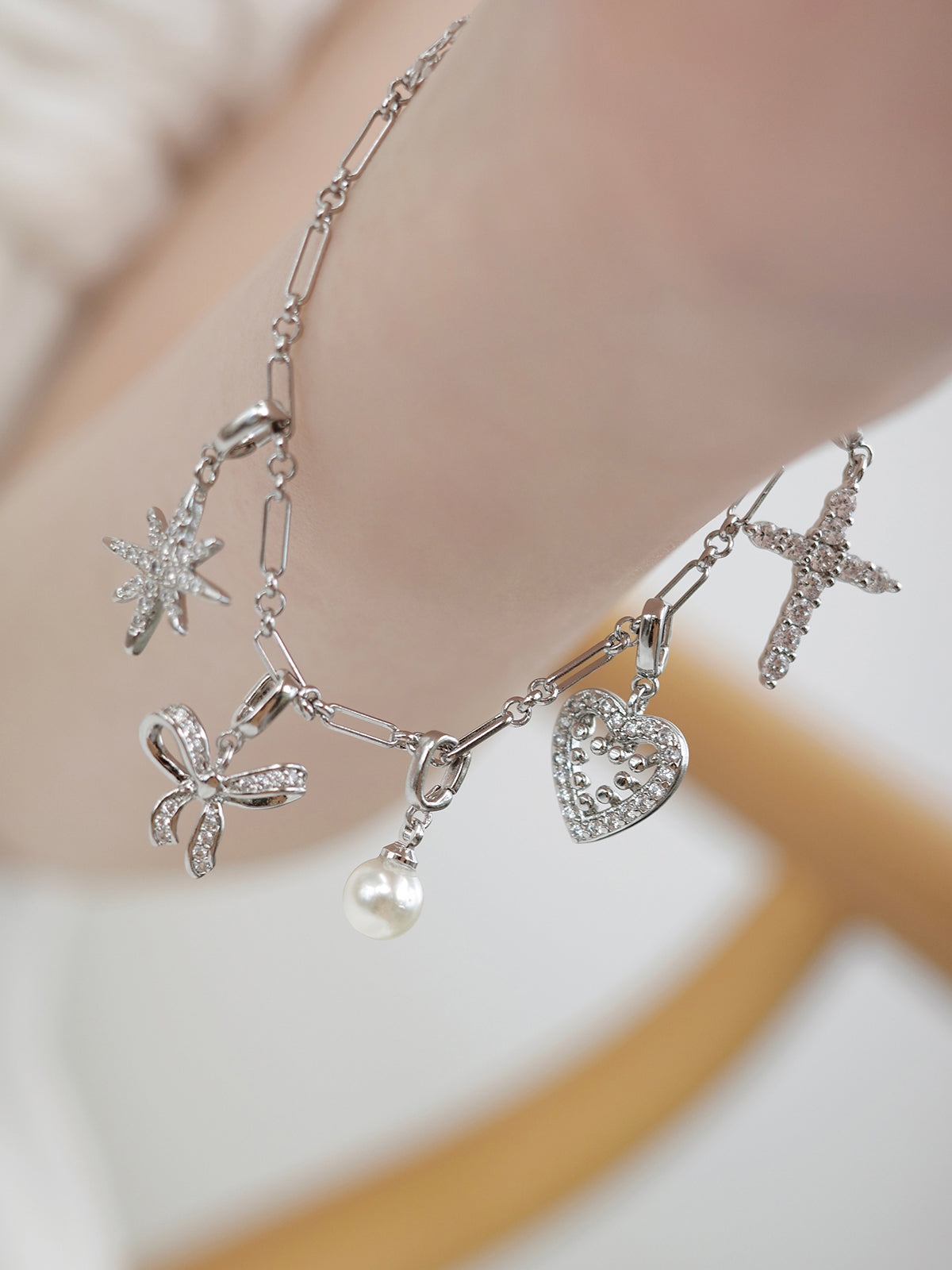 シャインソラチャーム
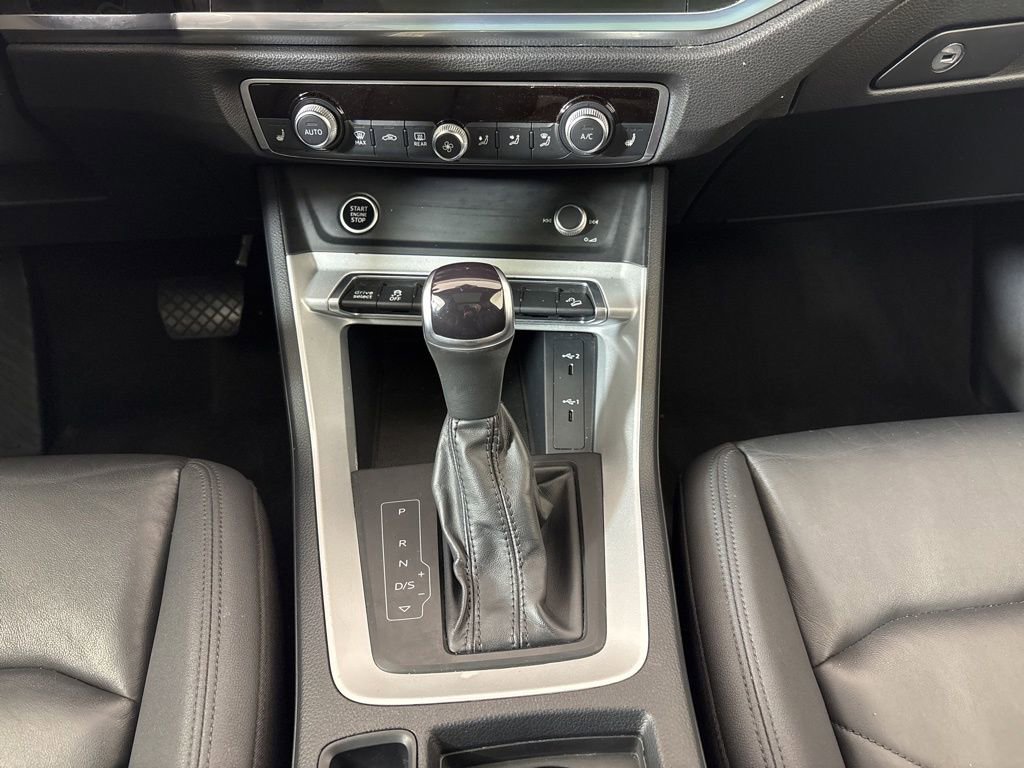 Used 2023 Audi Q3 2.0T Premium AWD/4WD image 24
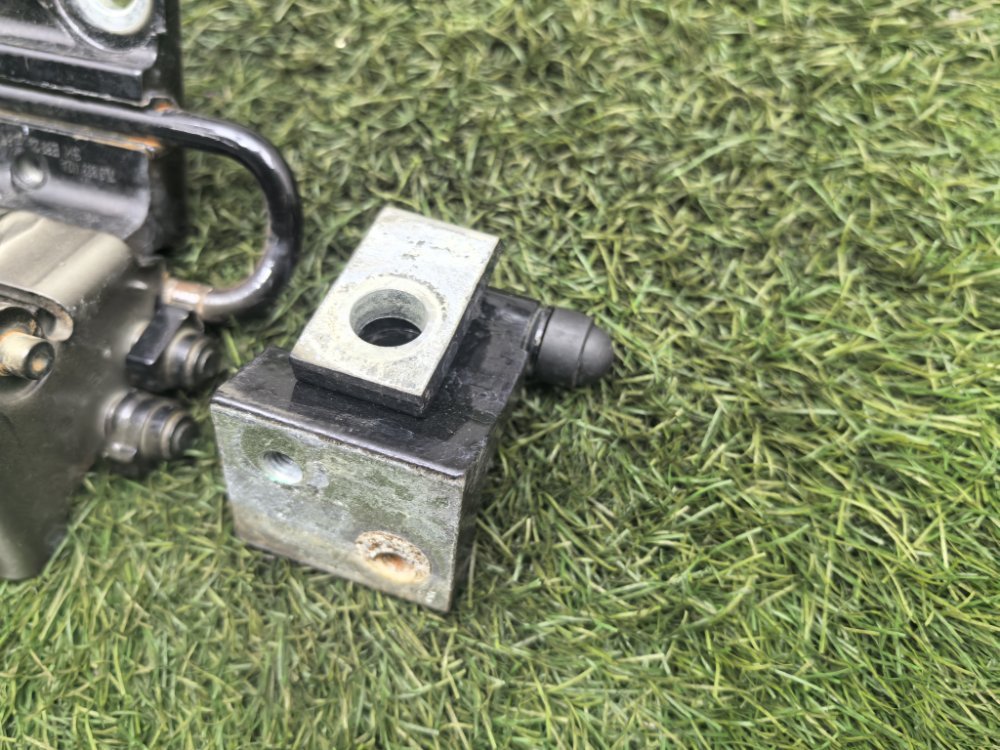 крепление двери, 1500 рублей, Красноярск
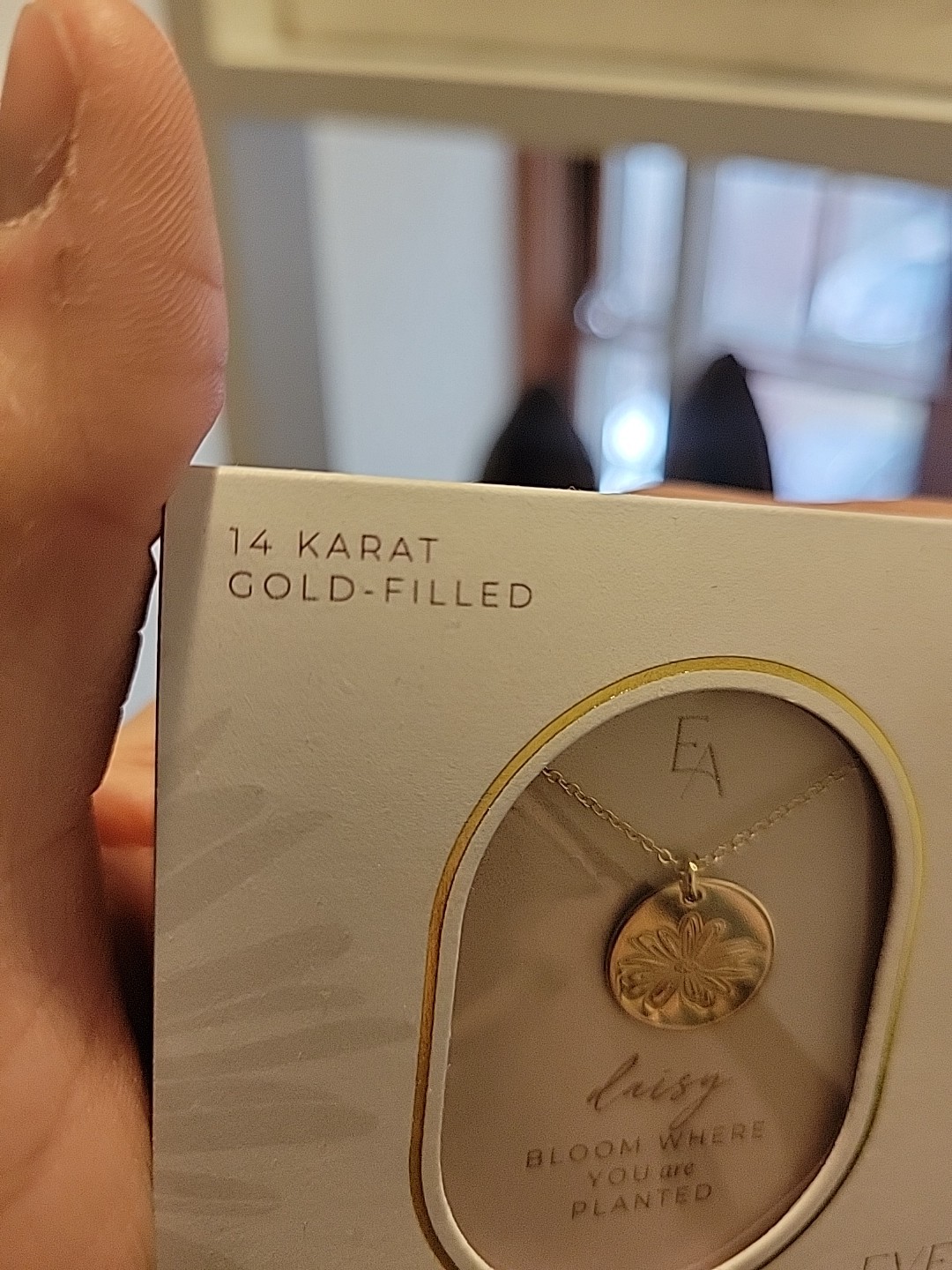 14 KARAT gold-filled daisy PENDANT necklace Handmade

### WHAT IS EXPECTED
Every line above is to be repeated exactly, but no picture is to appear in the copy.

### THE COMPLETED TASK
 シャインソラチャーム
 Used 2023 Audi Q3 2.0T Premium AWD/4WD image 24
 крепление двери, 1500 рублей, Красноярск
 14 KARAT gold-filled daisy PENDANT necklace Handmade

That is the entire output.